• _Assignment_
Each line from the one that holds "Dzieci oblewające się" to the end of the entries is to be given again exactly. Do not include pictures.

• _Dataset excerpts_
*** Block opens ***

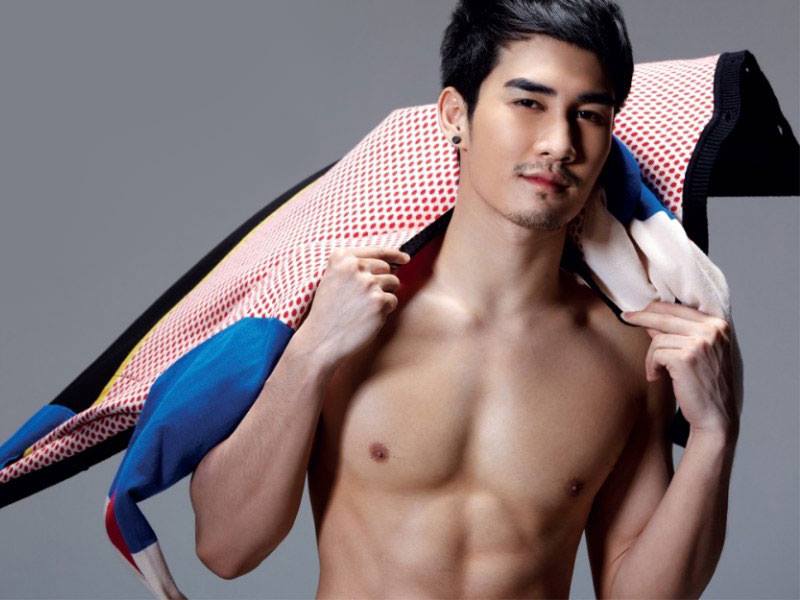 ดิว The Star 9 ถอดผ้าโชว์เซ็กซี่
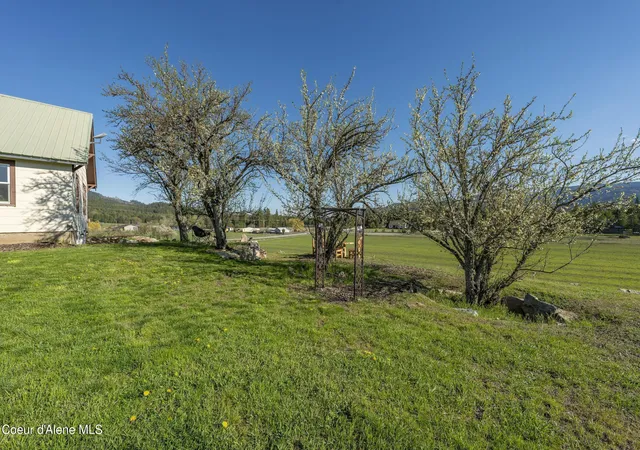 Photo 3 of Single family home for sale at 1050 Eastside Rd, Priest River, ID 83856 | MLS# 26-4396 | Listing updated on 2026-05-06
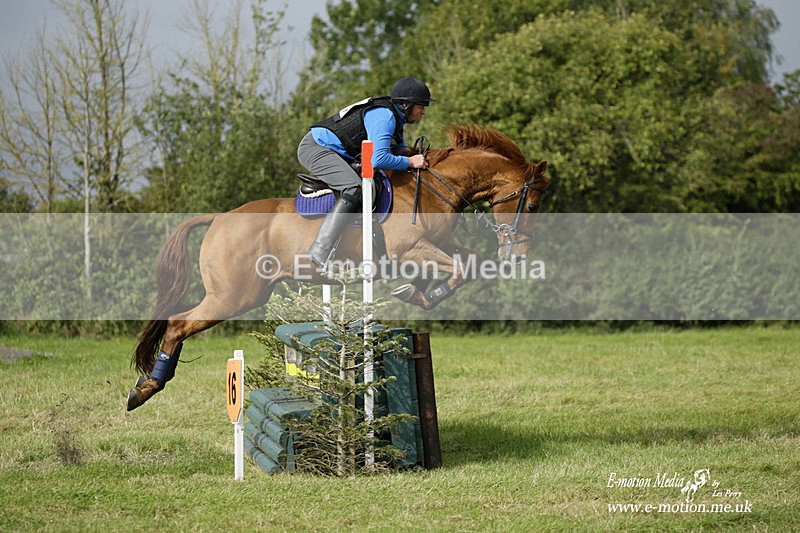  WWHT 031021 3687 - Intermediate Pairs (0.90m) 03/10/21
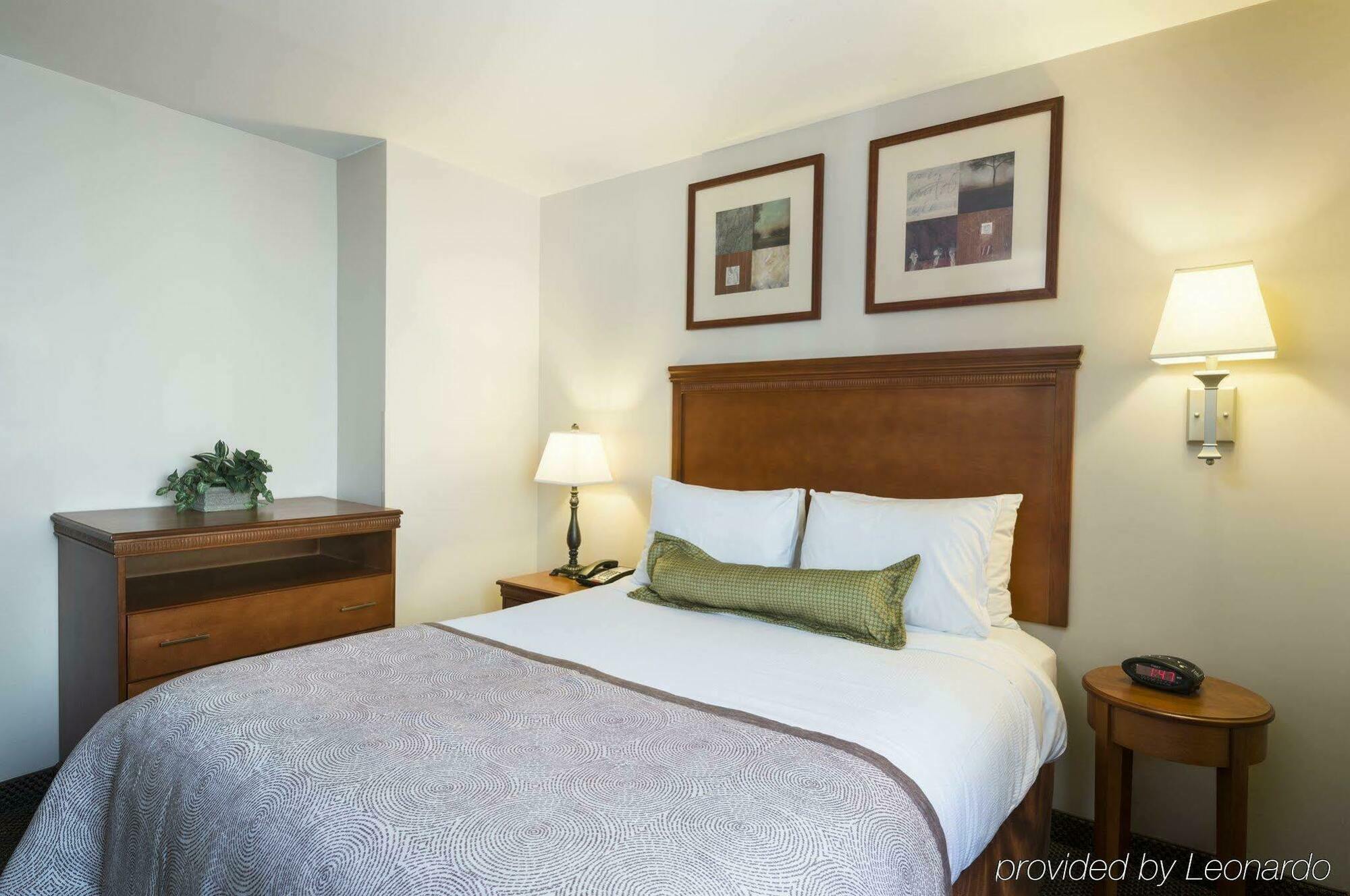 Candlewood Nyc -times Square By Ihg New York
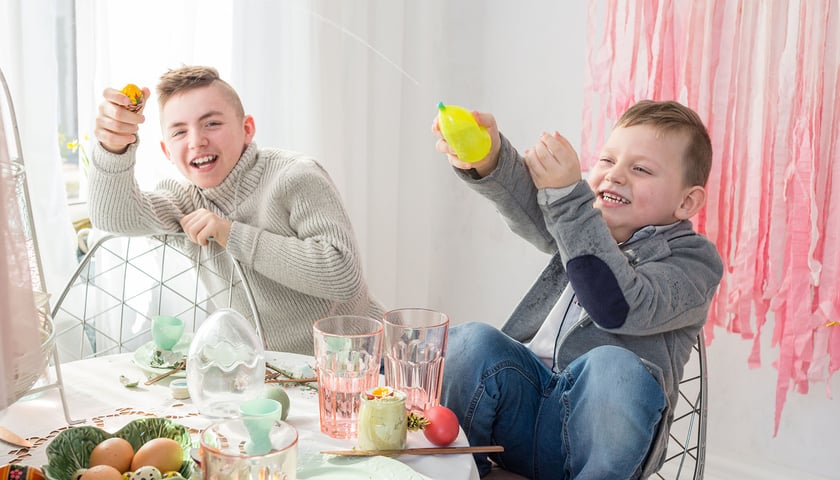 Dzieci oblewające się wodą, zdjęcie ilustracyjne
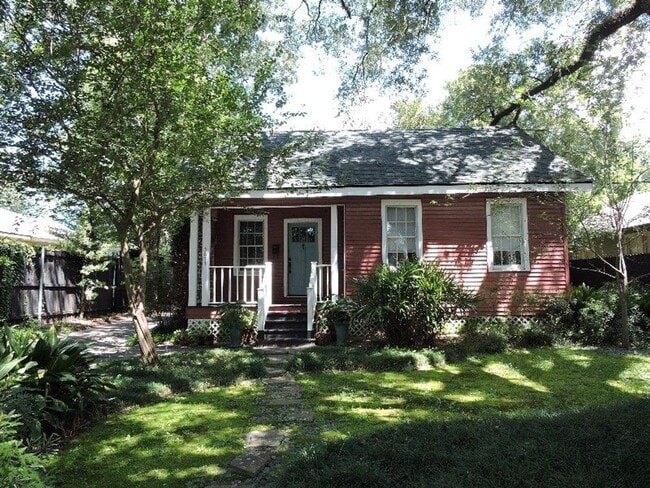 Fantastic 3BR/2.5BA Cottage in the heart o... - Fantastic 3BR/2.5BA Cottage in the heart o... House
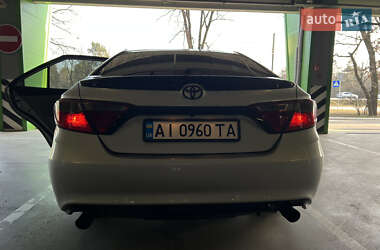 Седан Toyota Camry 2015 в Киеве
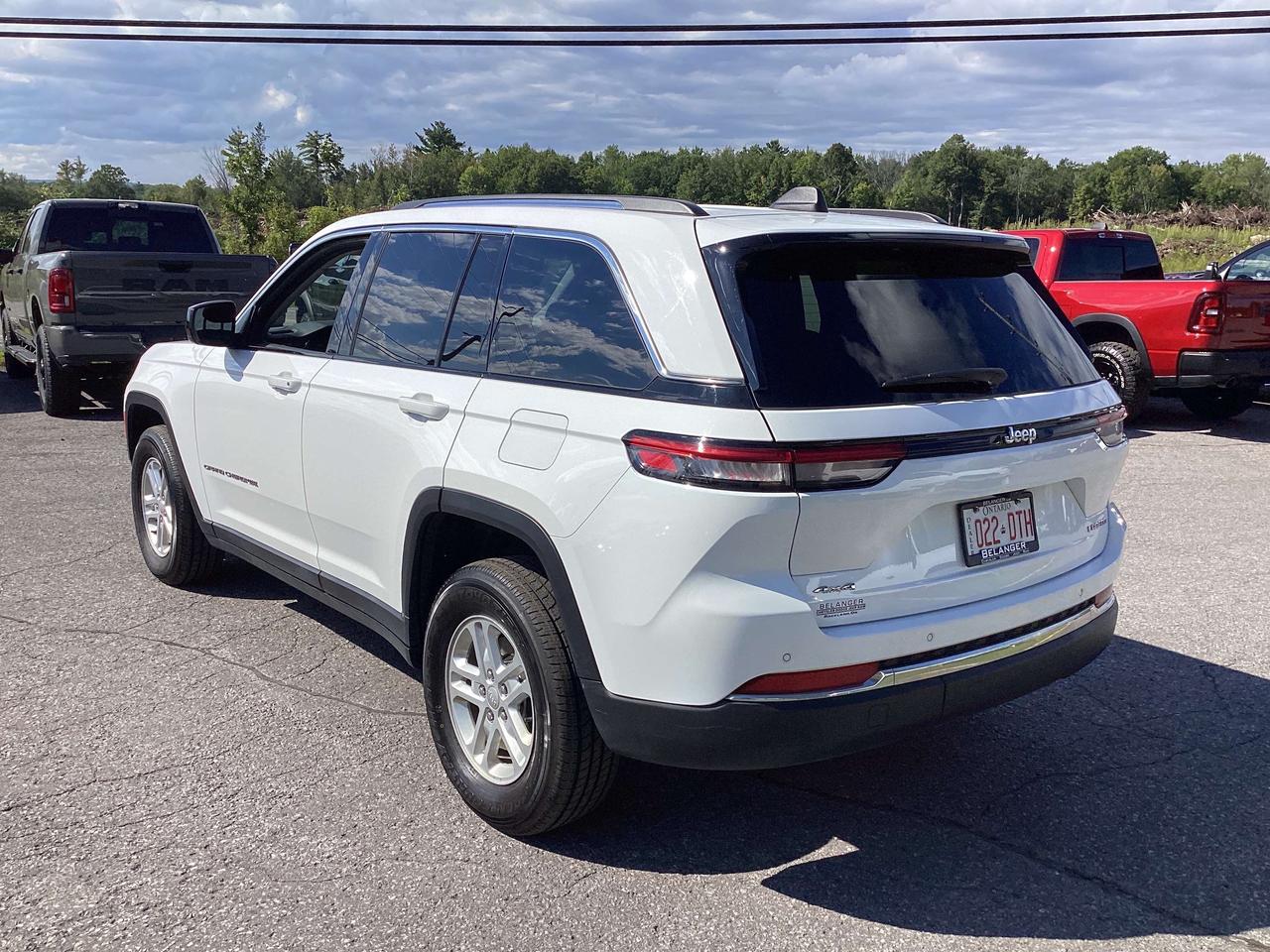 2023 Jeep Grand Cherokee Laredo Photo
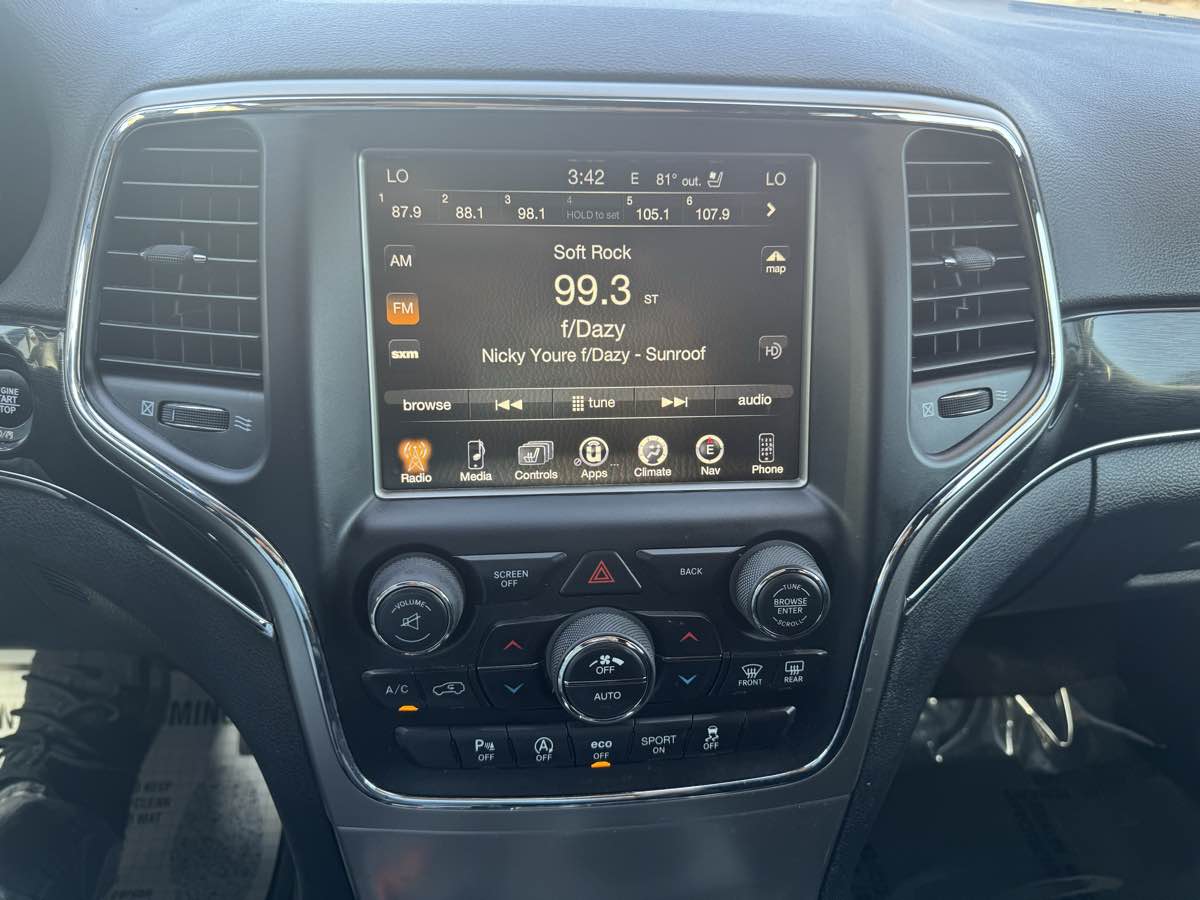 Vehicle image 19 of 22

*** Block closes ***

• _Solution below_
 Dzieci oblewające się wodą, zdjęcie ilustracyjne
 Fantastic 3BR/2.5BA Cottage in the heart o... - Fantastic 3BR/2.5BA Cottage in the heart o... House
 Седан Toyota Camry 2015 в Киеве
 2023 Jeep Grand Cherokee Laredo Photo
 Vehicle image 19 of 22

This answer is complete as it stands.